We have a false split between passive and active, that a person can only be one or another. Depending on your personal opinion people decide on anothers suitability, as that strange entity we call activist. Instead of attacking people for being who they are, and using the skills they have, we need to recognise different responses are needed at different times, and individuals are capable of being more than one thing. Sometimes healing is needed, at other times the defiance of “you shall not pass”. The same person can do both.
This might sound obvious, but pretty much the TLDR plot summary of Lord of the Rings is that little people matter. Amid the wizards, heroes, knights and assorted other, powerful people, it is Frodo, Sam and Gollum who make victory possible. It can be easy to feel that our individual actions are too small to matter, however as a number of people have pointed out recently, when snowflakes come together, it creates an avalanche.
Abusers, of all sizes (and fascists use classic abuser tactics) dis-empower their victims. They tell them we are too small, too weak, too insignificant to matter. They have to because there are always more of us than there are of them. The only reason to say someone is too small to matter is to make them believe it. We might need to band together, we might need at times to be carried across the burning plain, but, we matter, and if we believe, we can achieve greatness.
I know, its the ending no one wished for, the chapter we could have done without, the difficult second album.

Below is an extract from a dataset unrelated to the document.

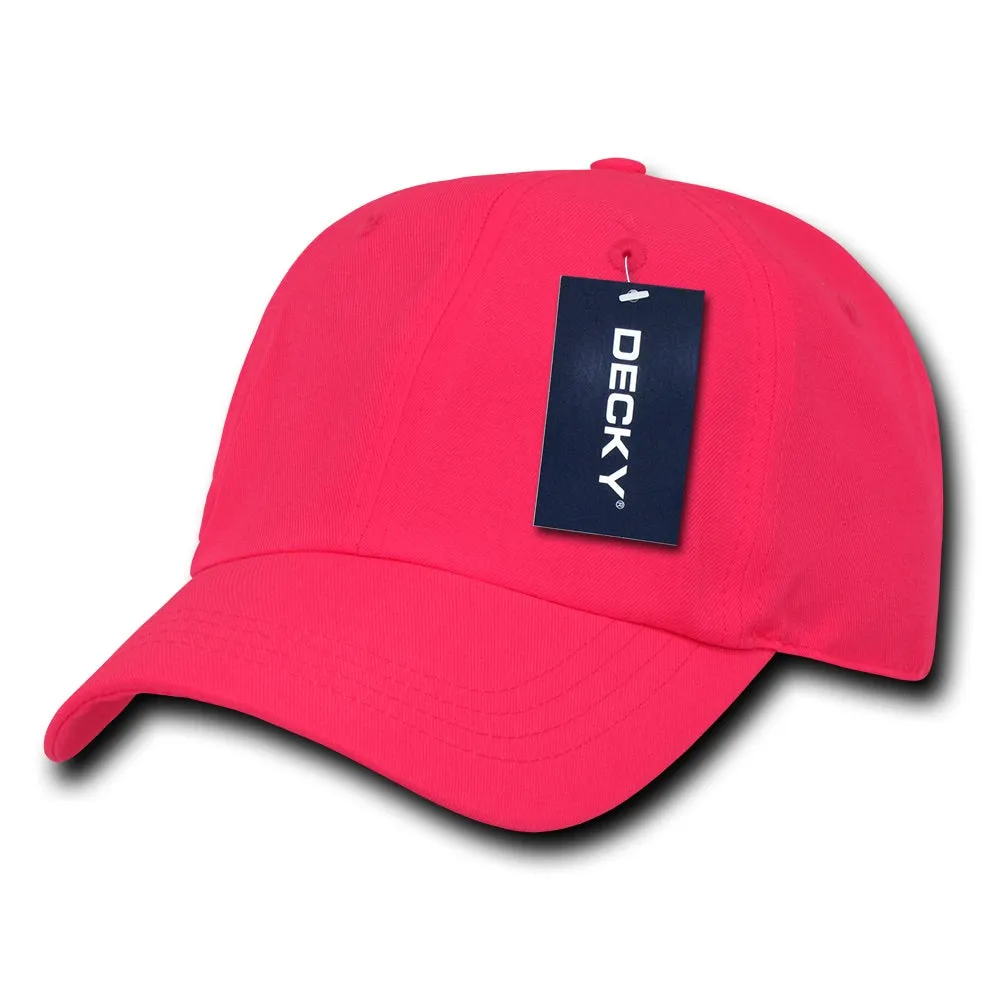 Decky 761 - 6 Panel Low Profile Structured Neon Cap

Tolkien himself said it was an integral part of the book, planned from the beginning, and so despite the desire for neatness we have to accept its existence. Perhaps that is one of the most important lessons of all, that the fight never ends, that we may rest, but not retire. We have, by which I mean that amorphous, unnamed, unknowable we of those I think think like me, been lulled into a false sense of security. Yes, many of us said love did not win, equal marriage was not an end point, white supremacy and privilege needed to be challenged. However, a lot of us believed certain things were accepted, and others permanently unacceptable. The scouring of the shire reminds us the fight is never over, and that it is the moment when we climb the last hill, heading to the green dragon that we need to be most cautious. There is little to celebrate politically, but at least we can take away the knowledge that all our rights have to be constantly fought for, and that attack can happen even in the midst of seeming safety.
There is so much more I could write, of the power of queer love shown by Frodo and Sam, the understanding that nothing is created evil, the importance of resisting the temptation of power. However perhaps the most important thing we can learn from Lord of the Rings is that we take our lessons from where we can, and should never be ashamed of what we find.